CA (not realistic in distributed)	Traditional RDBMS	Assumes no partition

Consistency Models (Weakest → Strongest)

Eventual  →  Monotonic Read  →  Read-Your-Writes  →  Causal  →  Sequential  →  Linearizable  →  Strict

Model	Guarantee	Example
Eventual	Will converge eventually	DNS, shopping carts
Read-Your-Writes	You always see your own writes	User profile update
Causal	Causally related operations seen in order	Comments/replies
Linearizable	Appears as if on a single machine	Bank balance

Availability Numbers

Availability	Downtime/year	Downtime/month
99% ("two nines")	3.65 days	7.2 hours
99.9% ("three nines")	8.76 hours	43.8 minutes
99.99% ("four nines")	52.6 minutes	4.4 minutes
99.999% ("five nines")	5.26 minutes	26 seconds

Calculating SLA in series (weakest link):

Total = SLA_A × SLA_B  →  0.999 × 0.999 = 0.998 (99.8%)

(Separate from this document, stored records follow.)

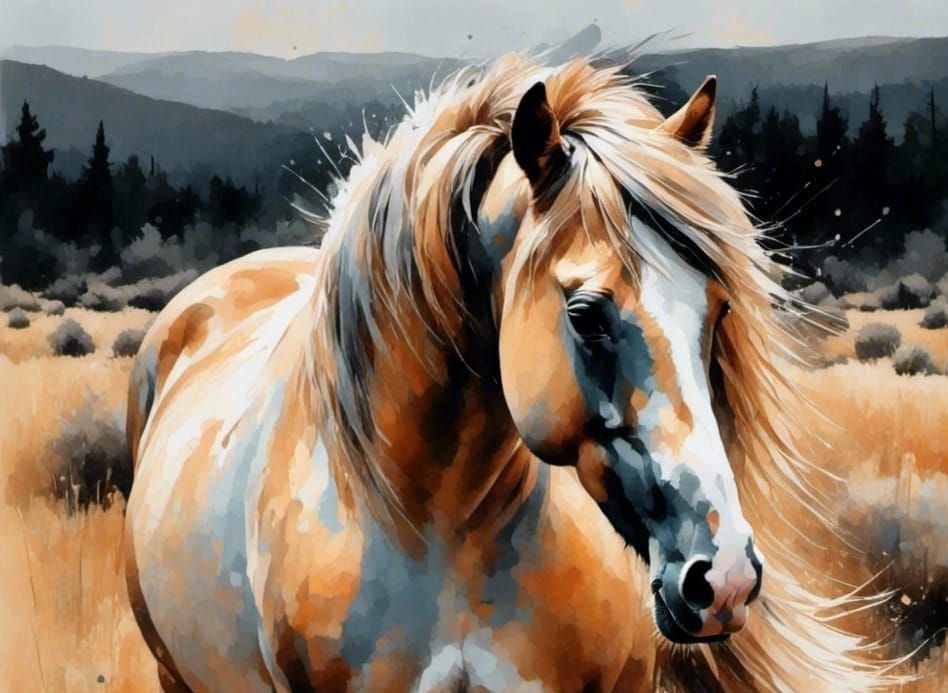 Majestic Wild Horse with Avian Ink Details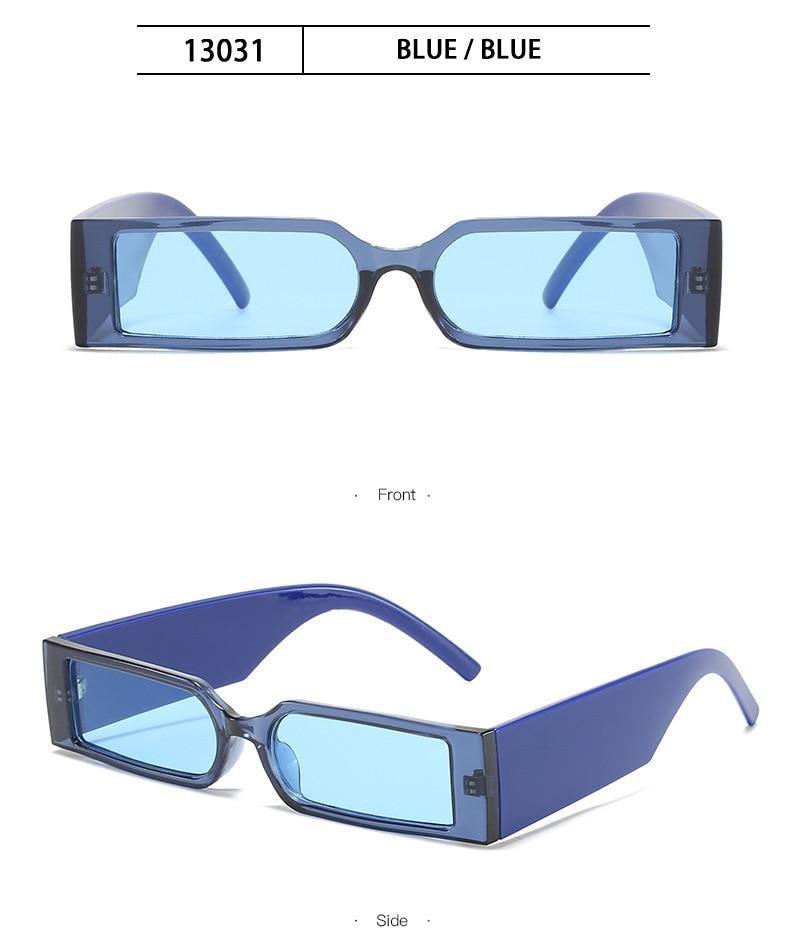 90s Narrow Rectangle Sunglasses – Retro Vintage Unisex Eyewear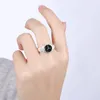 Cluster Rings 925 Sterling Silver For Women Men Crystal Black Watch Elegant Fashion Party Gifts Girl Student Charm Wedding Top Jewelry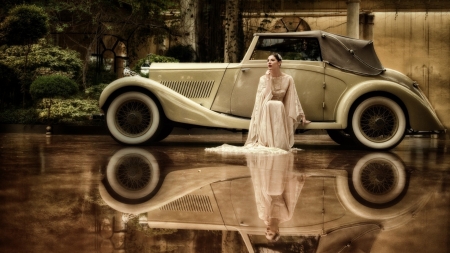 Girl and car - Photo, Girl, car, and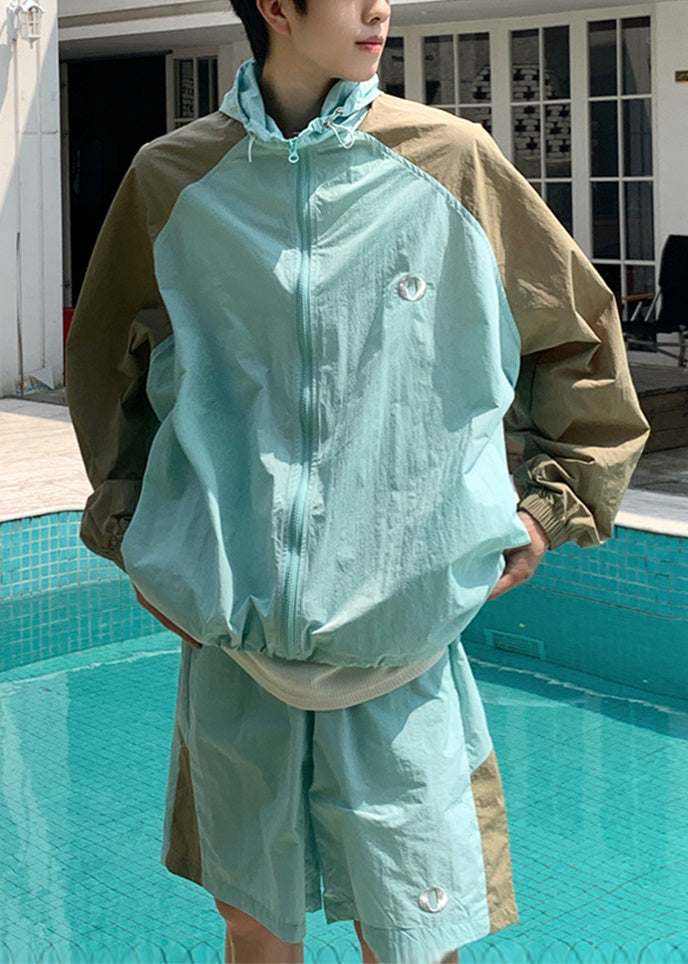 Manteau à capuche bleu soie 50+ Ice UPF Patchwork Two Homme Français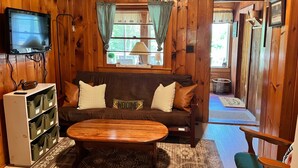 A cozy cabin-style room with a wooden interior, a sofa with cushions, a television mounted on the wall, and a window with curtains.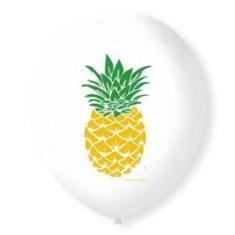 Imagem de Balões São Roque Decorado 9 Tema Abacaxi Branco Polar E Amarelo E Verde 25 Unidades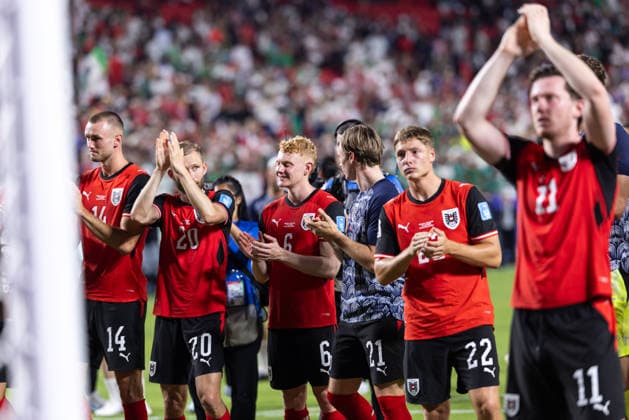 SOCCER - FIFA World Cup, WM, Weltmeisterschaft, Fussball 2026 KANSAS CITY,MISSOURI,USA,28.JUN.26 - SOCCER - FIFA World Cup 2026, group stage, Algeria vs Austria. Image shows the rejoicing of AUT with Sasa Kalajdzic (AUT).  GEPAxpictures xArminxRauthner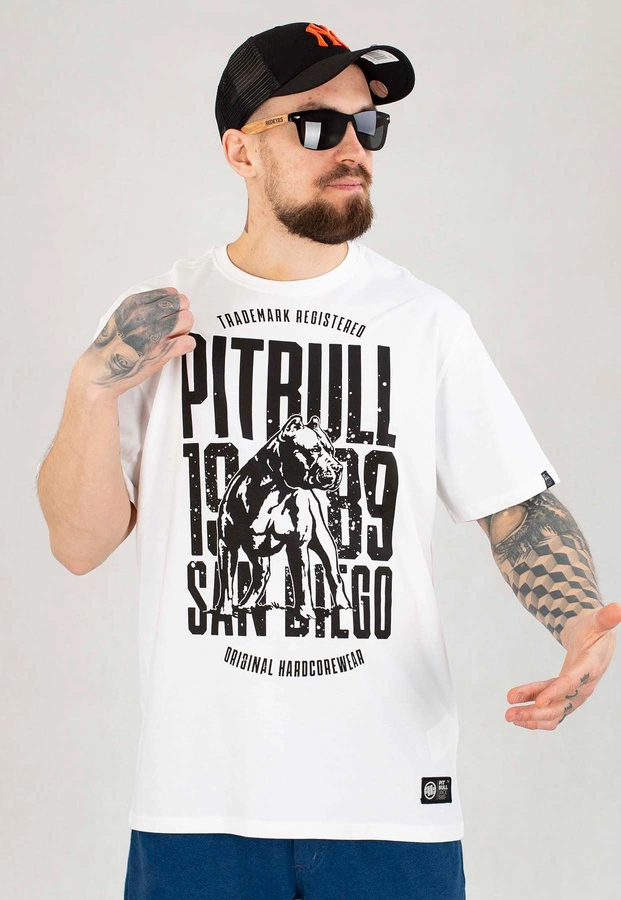 T-shirt Pit Bull San Diego Dog biały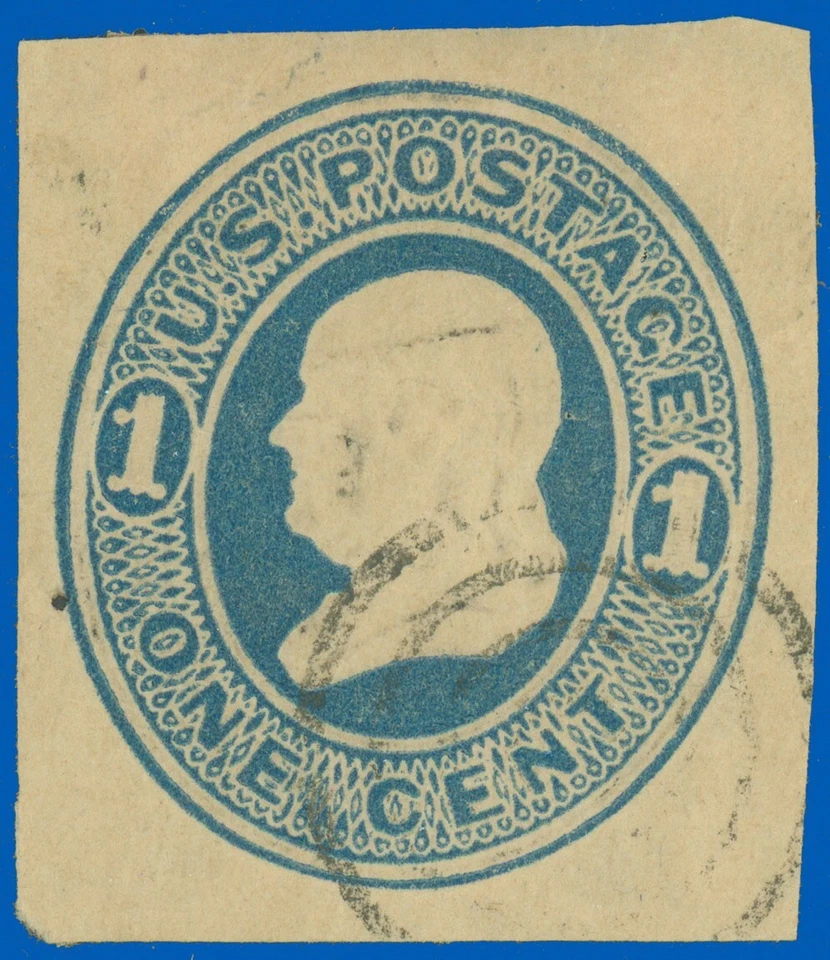 US Scott #W77 Cut Square, 1¢ w Light 3 Ring Cancel! SCV $35.00 (SK) - Image 1 of 1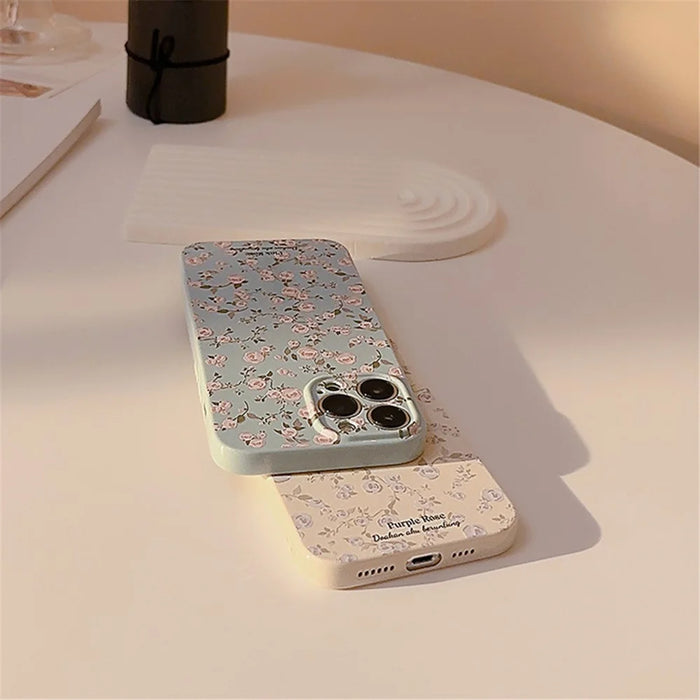 For iPhone 14 Pro Max Soft TPU Phone Case Retro Flower Pattern Protective Phone Cover - Beige - 5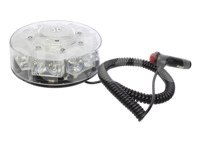 TORRETA 14 LEDS 3W AMBAR, MULTIFUNCIONES, CARCASA TRANSPARENTE, MATERIAL PC, BASE IMAN 12V-24V, CONECTOR DE ENCENDEDOR, 8 FUNCIONES. ALTO 60MM CALEN18L IMPORTACION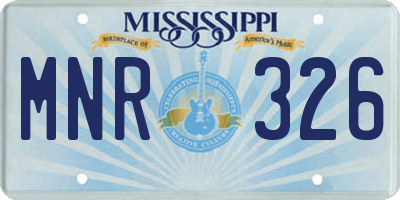 MS license plate MNR326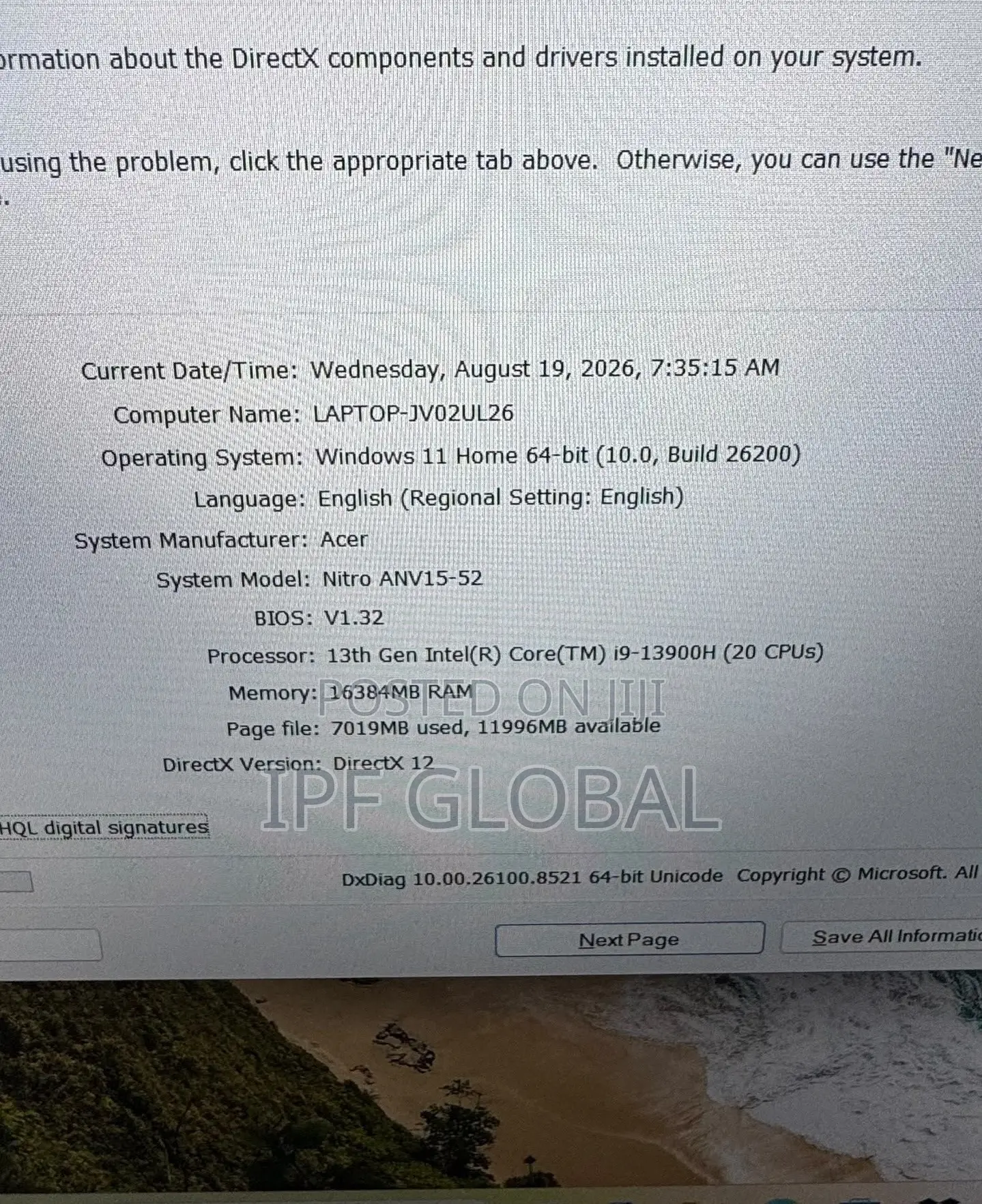 Laptop Acer 16GB Intel Core i9 SSD 1T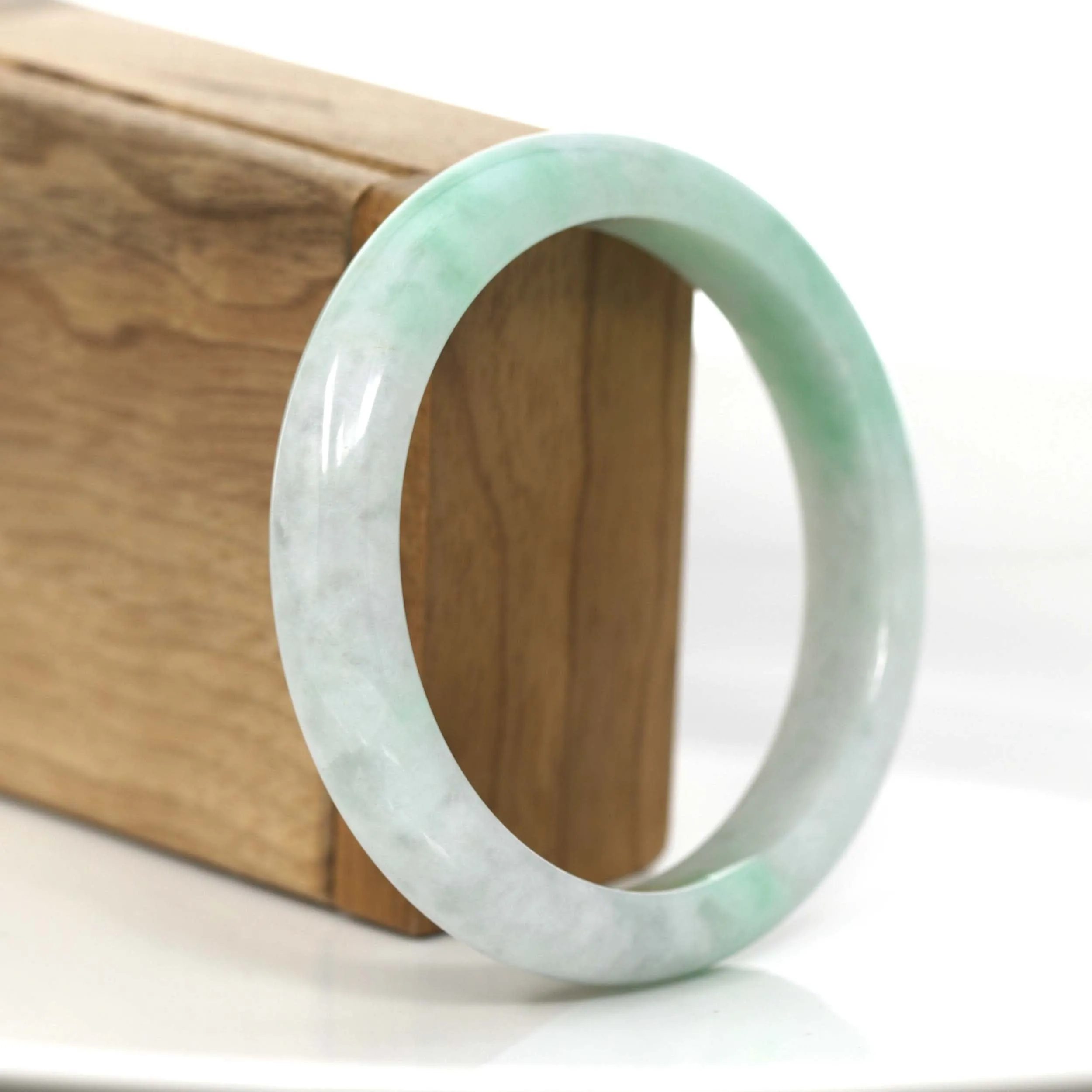 "Princess Half Round" Burmese White & Green Jadeite Jade Bangle Bracelet (58.74 mm) #705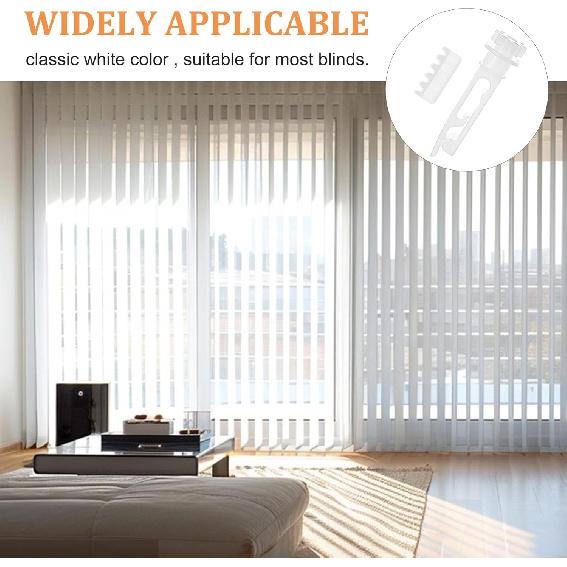 12 Sets Vertical Blinds Replacement Stem and Gear, White Vertical Blinds Repair Kit for Window Carrier Headrail Carrier Stem Blind Curtain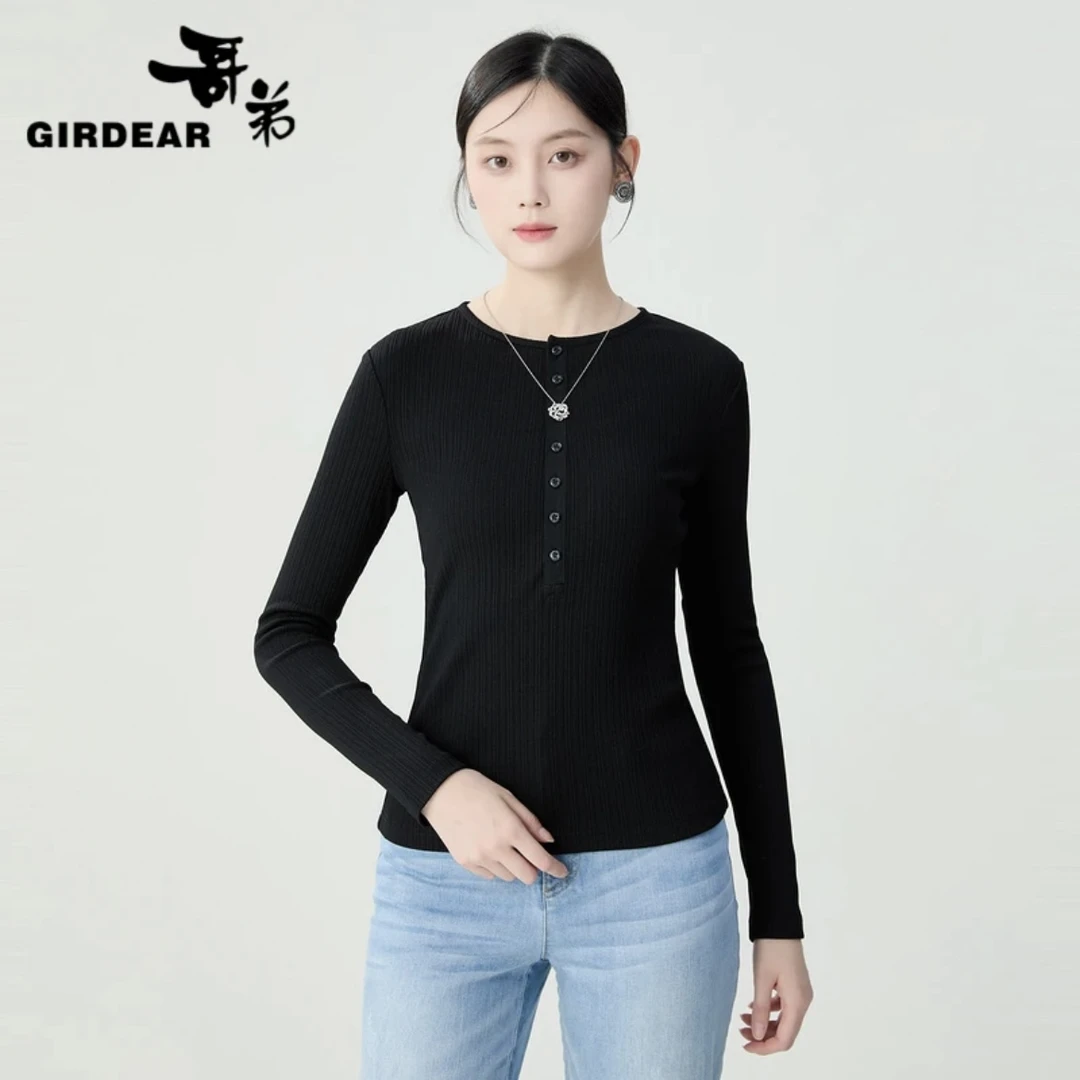 GIRDEAR/哥弟新款早秋时尚气质百搭显瘦薄款圆领长袖上衣1301032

Availability in parallel (redundancy):

Total = 1 − (1 − SLA)^N  →  1 − (0.001)^2 = 99.9999%

Latency Reference Numbers

Operation	Latency
L1 cache reference	~1 ns
Main memory reference	~100 ns
SSD random read	~100 µs
HDD seek	~10 ms
Network RTT (same datacenter)	~0.5 ms
Network RTT (cross-continent)	~150 ms

Key Architectural Trade-offs

Latency vs Throughput

Latency: Time for one request to complete
Throughput: Requests processed per second
Caching improves both; queuing improves throughput at the cost of latency

Stateful vs Stateless Services

	Stateless	Stateful
Scaling	Easy (add instances)	Hard (session affinity needed)
Failure recovery	Easy	Requires state replication
Examples	REST APIs, workers	WebSocket servers, databases

Synchronous vs Asynchronous

	Sync	Async
Simplicity	Higher	Lower
Coupling	Tight	Loose
Failure isolation	Lower	Higher
Use case	User-facing reads	Background processing

Data Partitioning Strategies

Horizontal Partitioning (Sharding)

Range-based: user_id 1-1M → shard1, 1M-2M → shard2 — risk of hot spots
Hash-based: shard = hash(key) % N — even distribution, hard to rebalance
Directory-based: Lookup service maps key to shard — flexible, single point of failure

Vertical Partitioning

Split table columns: keep hot columns separate from cold columns
Example: user_core(id, name, email) + user_profile(id, bio, avatar, ...)

Replication Strategies

Strategy	Pros	Cons
Single-leader	Simple, strong consistency	Write bottleneck, failover complexity
Multi-leader	Geographic writes, higher write throughput	Conflict resolution needed
Leaderless (Dynamo-style)	High availability, no single point	Eventual consistency, quorum complexity

Quorum (N replicas, W writes, R reads)

Strong consistency: W + R > N
Common: N=3, W=2, R=2

Common Failure Modes

Cascading failures: One service overwhelms another during recovery
Split-brain: Network partition causes two leaders
Thundering herd: Cache miss causes N simultaneous DB hits
Head-of-line blocking: One slow request blocks the queue

Interview Questions

Q: What is the CAP theorem and what trade-off do most modern databases make?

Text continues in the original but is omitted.